Frustrated and unsure of how to recapture his parents’ affection, he instead only escalated his bullying of his sister, until it reached a breaking point when he was fourteen: after agreeing to take Piper to the park, he left her there to meet up with some friends. The police were called when Piper couldn’t find him, and child services were brought in to determine whether the Baxters were suitable or negligent parents. Lukas had been frightened, then. He hadn’t meant for the police to be brought into it, hadn’t meant to get his parents in trouble, he’d just been filled with a childlike anger and hurt that was too big to be contained, all of it focused on the sister he wished never had existed.

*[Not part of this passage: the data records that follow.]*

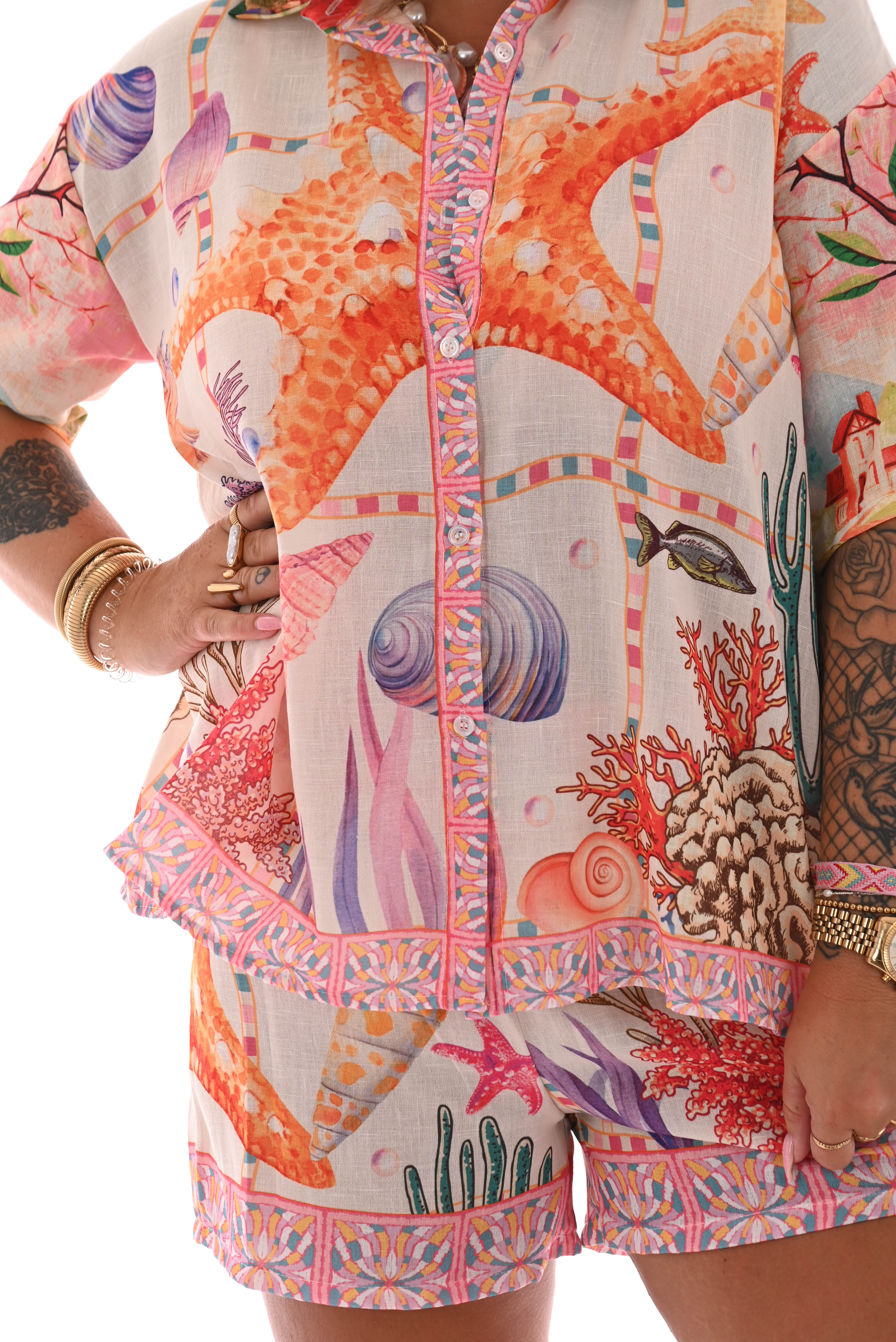 Twinset mix print little beach roze/roomwit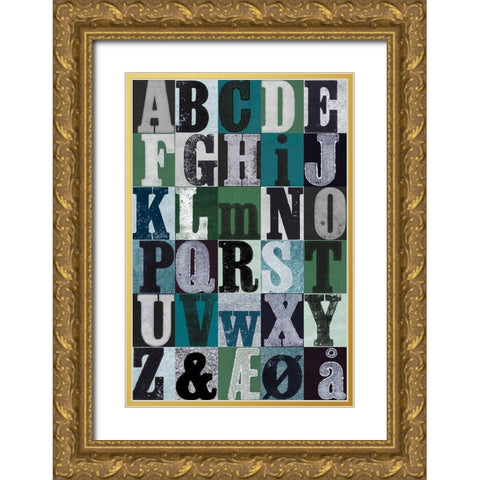 Alphabet Green Gold Ornate Wood Framed Art Print with Double Matting by Folcarelli, Pernille
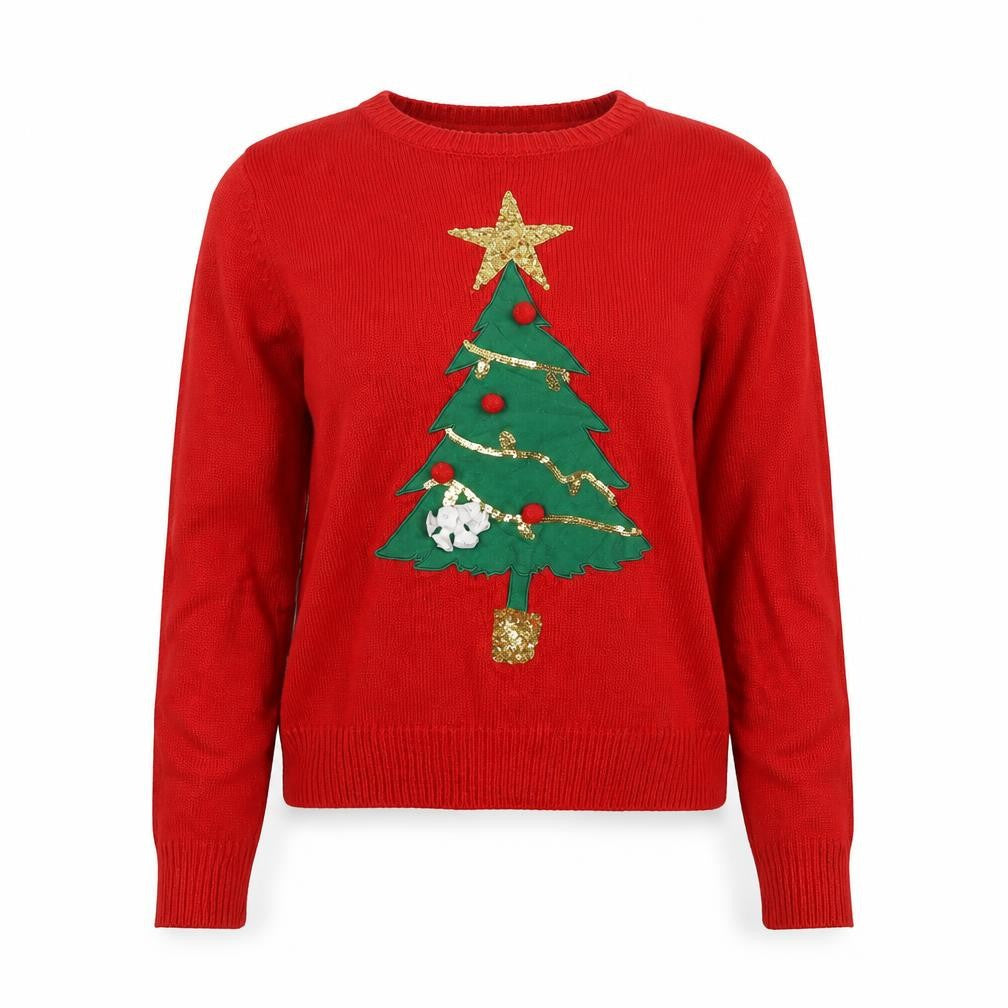 Marks & Spencer Women Red Small Christmas Tree Sequin Ugly Jumper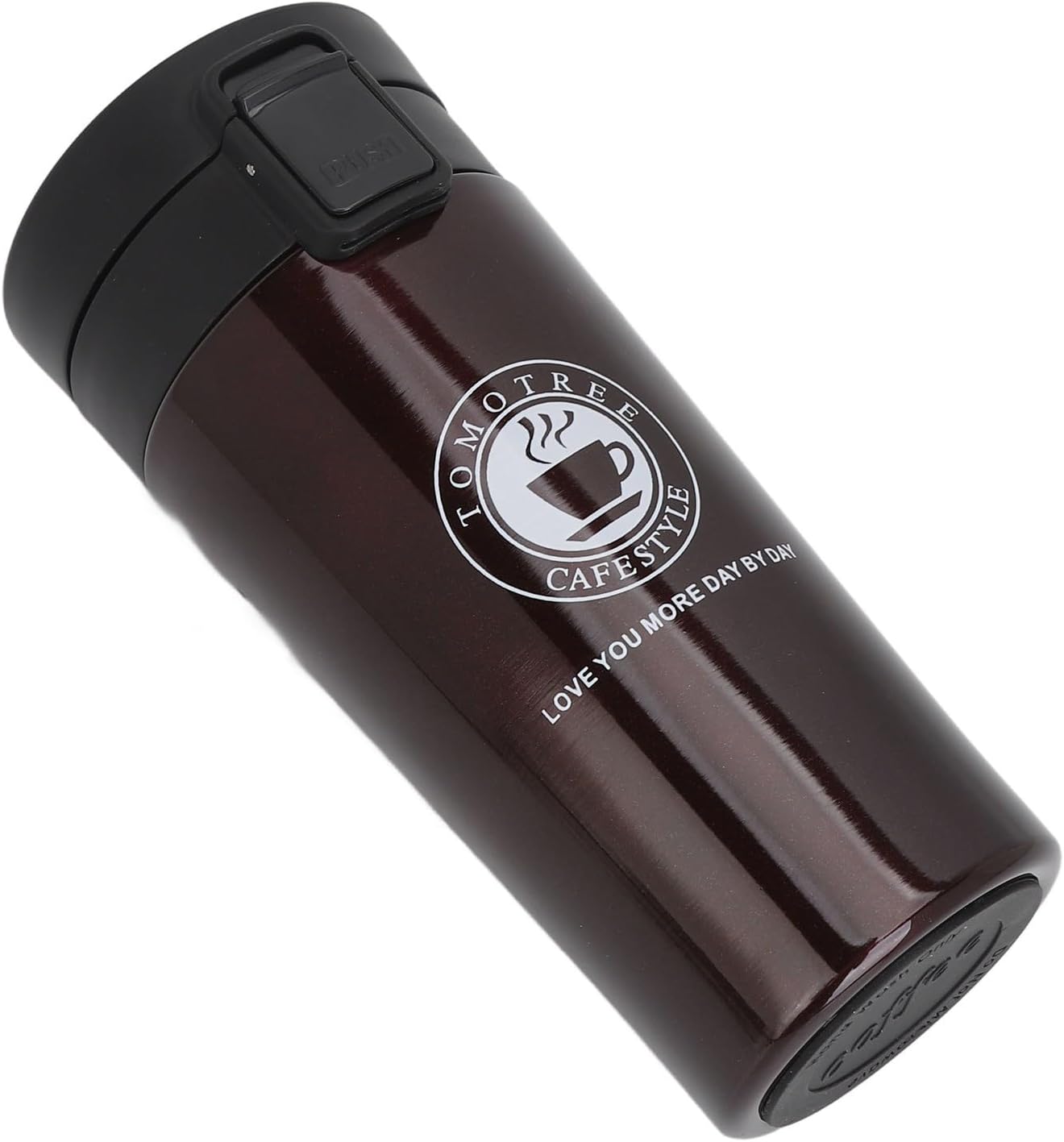 Insulated Coffee Cup Stainless Steel Vacuum Flask with Flip Lid for Travel Work Car Keeps Hot Leak Proof Portable (380ml)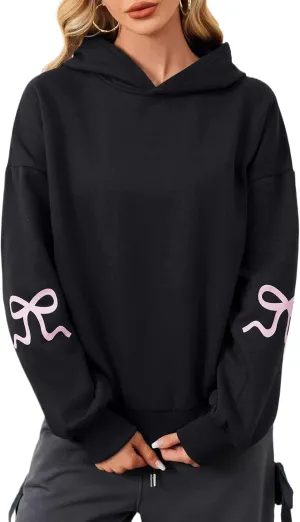 Livtany Women's Bow Trim Print Fleeced Hoodies Oversized Long Sleeve Hooded Sweatshirts Graphic Drop Shoulder Pullover Top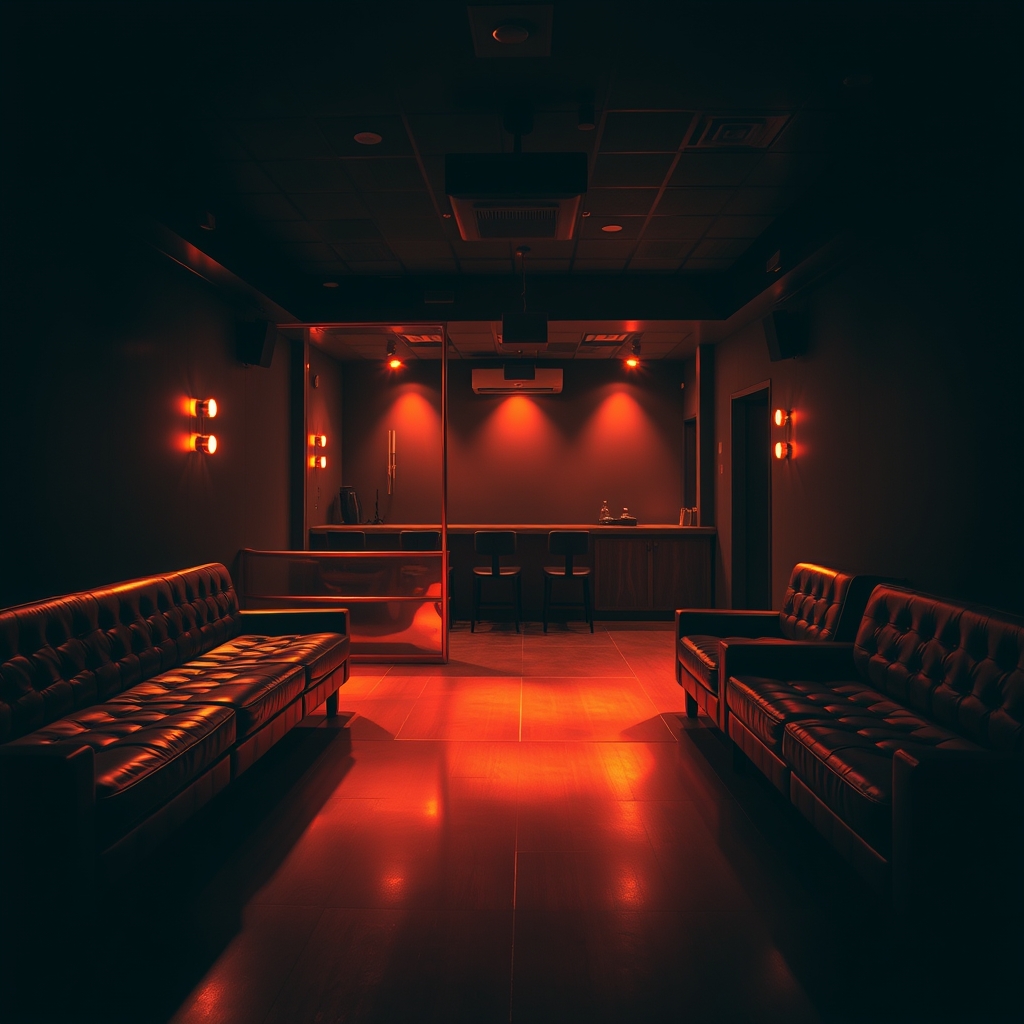 Party lounge divided into two zones by a copper partition
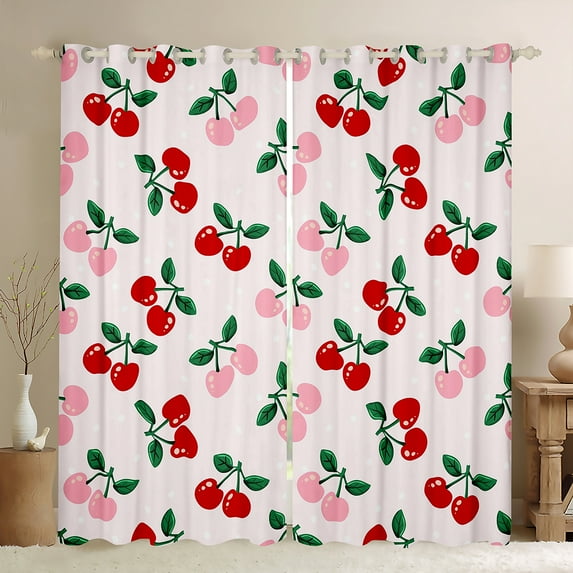 Castle Fairy Cartoon Cherry Blackout Curtains Set of 2 (52x84 Each) for Kids Children Teens,Polka Dots Window Curtains,Dreamy Princess Curtains and Drapes,Luxury Bedroom Decor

And though he tried to apologize, it was the last straw for his parents, and for Piper’s sake they decided to send Lukas to live with an Aunt and Uncle a state away. His Aunt and Uncle had never had kids of their own and had never wanted any, and while they agreed to take in Lukas for his parents’ sake, they were unsuited to handle Lukas’ teenaged moods and anger. They treated him as little more than a boarder, or a roommate, and mostly left him to his own devices, while his parents only existed at the end of a weekly phone call where he could often hear Piper’s chirping voice in the background, reminding him of everything she had that he did not. And sometimes he’d visit, for weekends or holidays, but when they only made him feel worse instead of better, he started begging off and making other plans instead—and if his parents seemed disappointed, they never seemed disappointed enough.
Joining his high school’s cheerleading squad didn’t help with any of that, at least not at first. No, that was just to get girls. At school he was a misfit, just a kid with a skateboard and a penchant for skipping class to smoke under the bleachers with other kids just like him, all of them equally invisible. Girls had ignored him, but it was harder for them to do it when he was throwing them in the air every day after school. Everybody else had ignored him, too, and when they started taking notice of him after he joined the squad, it was mostly to make fun of him. But even that had a silver lining—an outlet for his anger in the form of schoolyard fights where he wasn’t the one in the wrong, just standing up to his bullies.
SEIZE IT WITH EVERYTHING YOU’VE GOT
In some ways, joining the squad was the best thing that had ever happened to him, though he couldn’t have known it at the time. The girls were a good influence on him—and, though they might not have appeared to have much in common, became better friends to him than his old ones had been—and his attendance and his grades steadily improved over his high school career. His parents had written him off, his Aunt and Uncle had never believed in him in the first place, and Lukas shocked them all when his college acceptances came in.
By the end of high school, he got something he’d always thought he wanted but never really intended, a ticket back home and his parents saying we’re proud of you. So he spent the summer in a house that didn’t feel like a home to him, getting to know the sister he had once left alone on a playground, and sitting through family therapy, which only seemed to dredge up old anger and guilt. And all of it felt too late—everything he’d done, whether it was intentional or a happy accident, had been by himself and for himself. He’d stopped considering his parents in his decisions when they’d seemed to stop considering him a member of their family. They were paying for him to go to college and that, at that point, was all he really wanted out of them. At Palmetto, trying out for the Vixens was something he hadn’t even needed to think twice about. By then, it had just felt like a part of who he was: he cursed a lot and smoked too much and still picked more fights than he should—and, on top of all that, he was a cheerleader, no matter how strange anybody else seemed to find it.